To get high levels of control of California red scale in 2005, some orchards were being treated annually or more often, with insect growth regulators. No new effective insecticides are expected to appear for control of this pest in the near or middle term.
California red scale appears to be a bigger problem in some orchards than in others. The orchards with the worst problems — in areas where some of the first California red scale appeared in the San Joaquin Valley and where resistance to organophosphate and carbamate insecticides first developed — also appear to be some of the first orchards where resistance to pyriproxifen is developing.
So what do we do?
Greater dependence on biological control and more judicious use of insecticides is probably required. Greater dependence on biological agents mandates that orchards be monitored carefully for numbers of beneficial insects and mites, level of California red scale, and the times in insect development when the scale are most susceptible to control. If insecticides are necessary, alternating use among classes is recommended if possible. In this case though, most California red scale remains resistance to organophosphate and carbamate insecticides, so alternating insect growth regulators with these is not an option.

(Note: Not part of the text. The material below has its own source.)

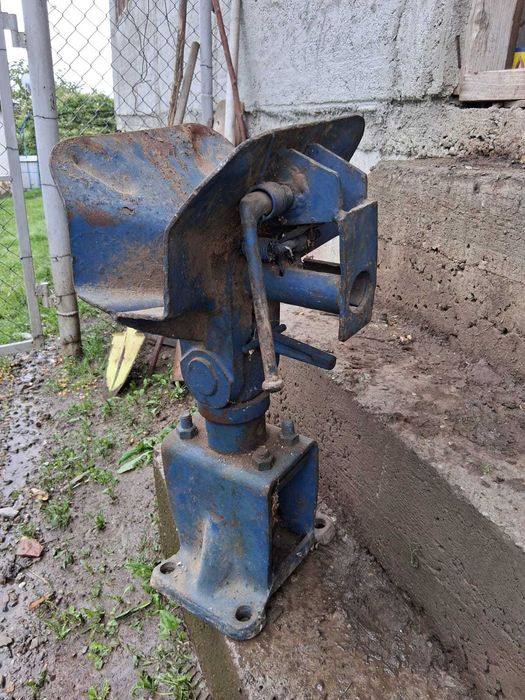 Vând cârlig remorcare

Other growth regulators are available but have a similar action to pyriproxifen and will probably not help much with resistance management. Petroleum oil sprays can be effective, and since they smother the insect, resistance is not a problem. Total dependence of spray oil usually requires annual treatments for adequate control. These treatments also suppress other beneficial insects and mites necessary for maintaining low levels of other pests of citrus.
Spray oil control is not usually nearly as complete as occurred with the insect growth regulators at the height of their effectiveness.
Some orchards have been treated judiciously with petroleum oils, organophosphate, and carbamate insecticides for decades and resistance is not a problem. In these orchards, insect growth regulators are now being used in the same manner and provide a workable alternative to the organophosphates and carbamates.
Judicious use of pesticides is usually closely associated with depending more on biological control agents. Many growers have obtained good results for decades by relying primarily on biological control, and in packing their fruit with packinghouses that appreciate the fine line growers walk between scale control and chemically-resistant scale. Often pressure washers play an important role in these operations, to clean up that portion of the fruit that may come in with California red scale attached.
Packing houses might consider accepting higher level of scale infestation on fruit, realizing that cleaning up perhaps a few more slightly-infested fruit now, is preferable to dealing with the high levels of badly infested fruit that were seen in many orchards six or seven years ago.
Those orchards where red scale control is almost totally dependent on pyriproxifen, and where resistance to organophosphate and carbamate insecticides remain high, may soon be facing the kind of fruit infestation and tree defoliation in some blocks that was seen in the 1990s. Experiments in orchards in the southern San Joaquin Valley, where resistance to the old insecticides remains high, have shown that effective biological control can be instituted in a relatively short period of time. People knowledgeable on how to do this are available in the citrus industry.
Making the switch to a more biologically-oriented program in blocks that have scale that are beginning to show resistance to pyriproxifen is probably prudent.